Task to carry out
Would you retype exactly the lines below, starting with the one that has "Природа Крыма - Amazing Cosmea Природа" and going on through the one that has "Sledujte Krumlov na síti, foto 11", with no pictures and nothing else?

Exercise inputs
···

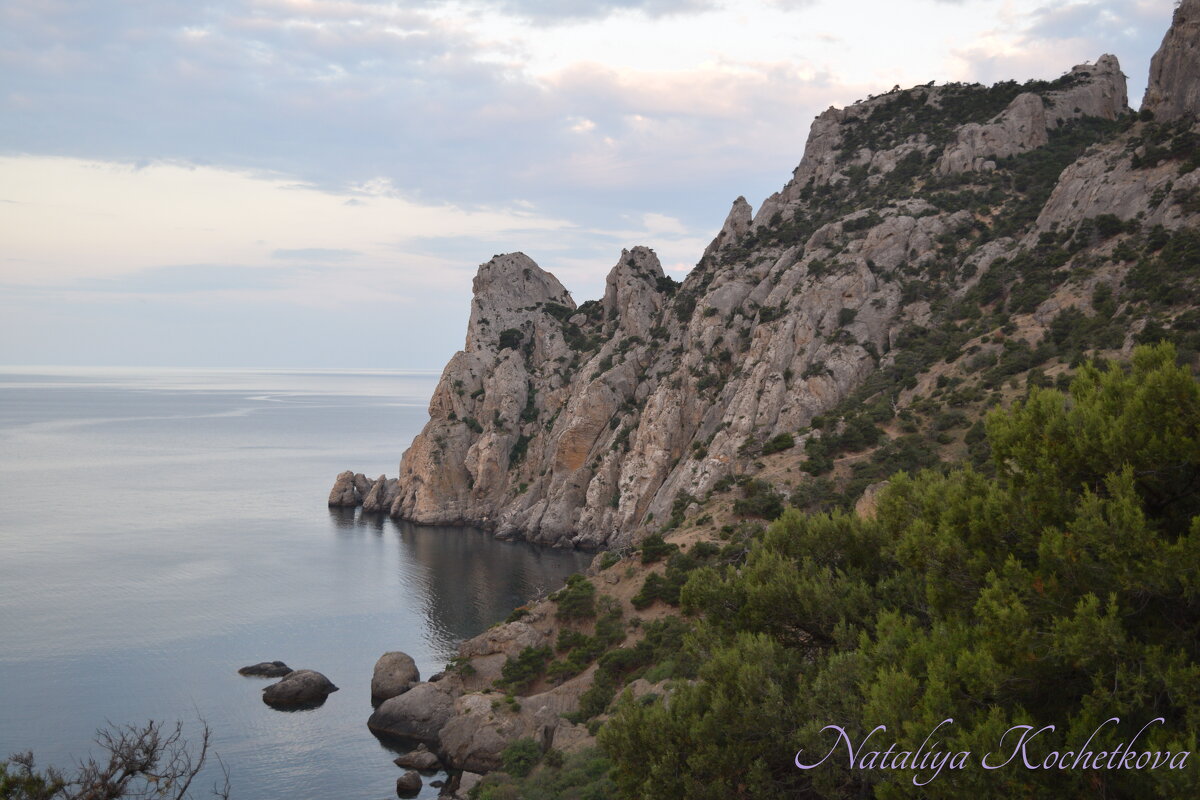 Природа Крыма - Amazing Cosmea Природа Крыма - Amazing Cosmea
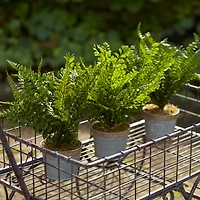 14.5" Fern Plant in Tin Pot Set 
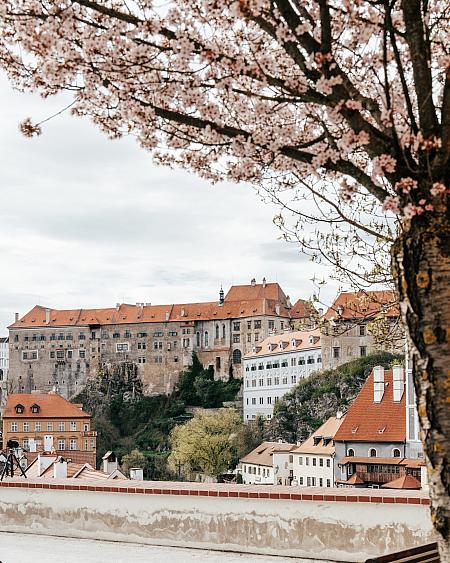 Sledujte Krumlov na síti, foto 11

···

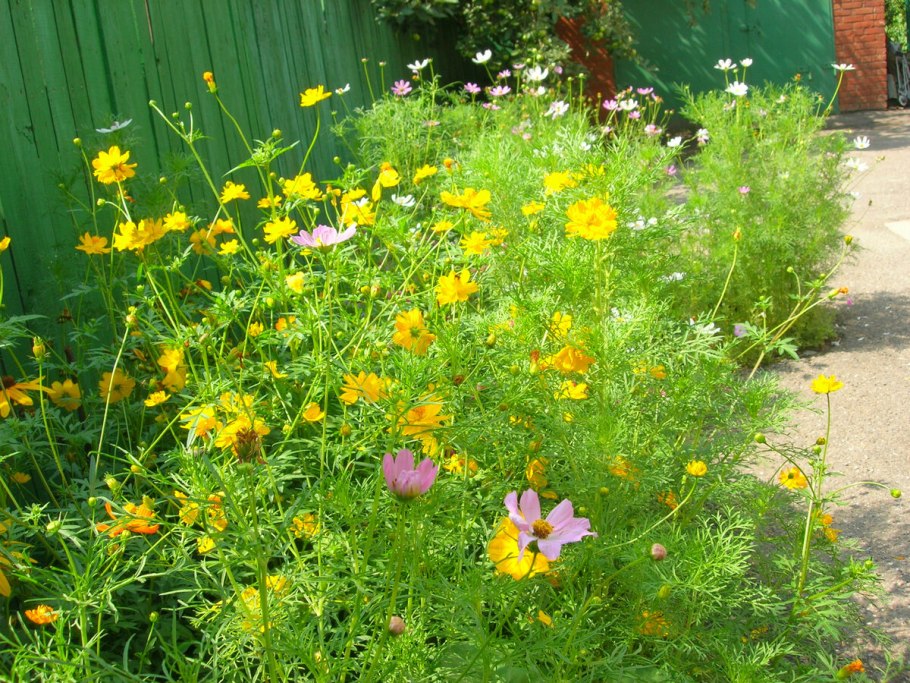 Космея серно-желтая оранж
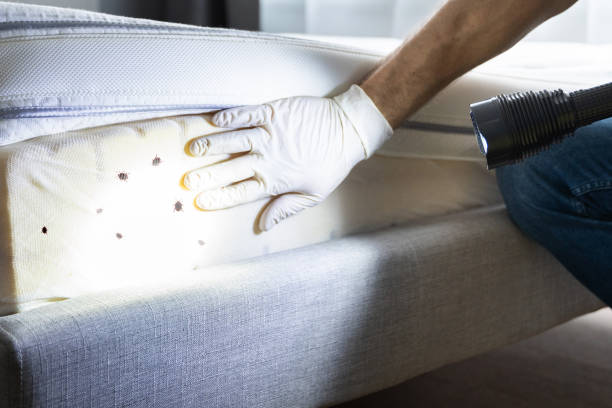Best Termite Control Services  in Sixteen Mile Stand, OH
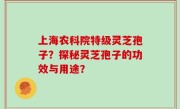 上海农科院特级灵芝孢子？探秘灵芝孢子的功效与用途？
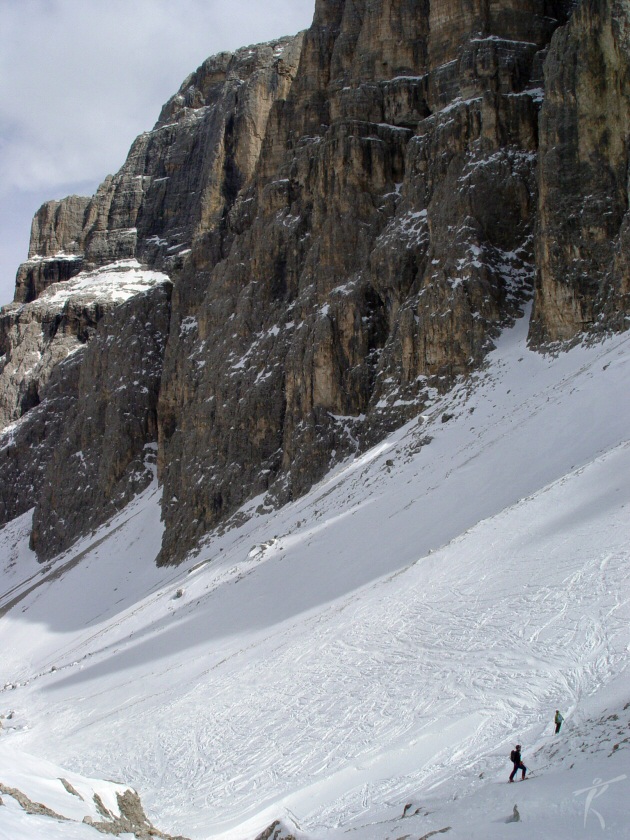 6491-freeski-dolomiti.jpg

···

Output of the task
 Природа Крыма - Amazing Cosmea Природа Крыма - Amazing Cosmea
 14.5" Fern Plant in Tin Pot Set 
 Sledujte Krumlov na síti, foto 11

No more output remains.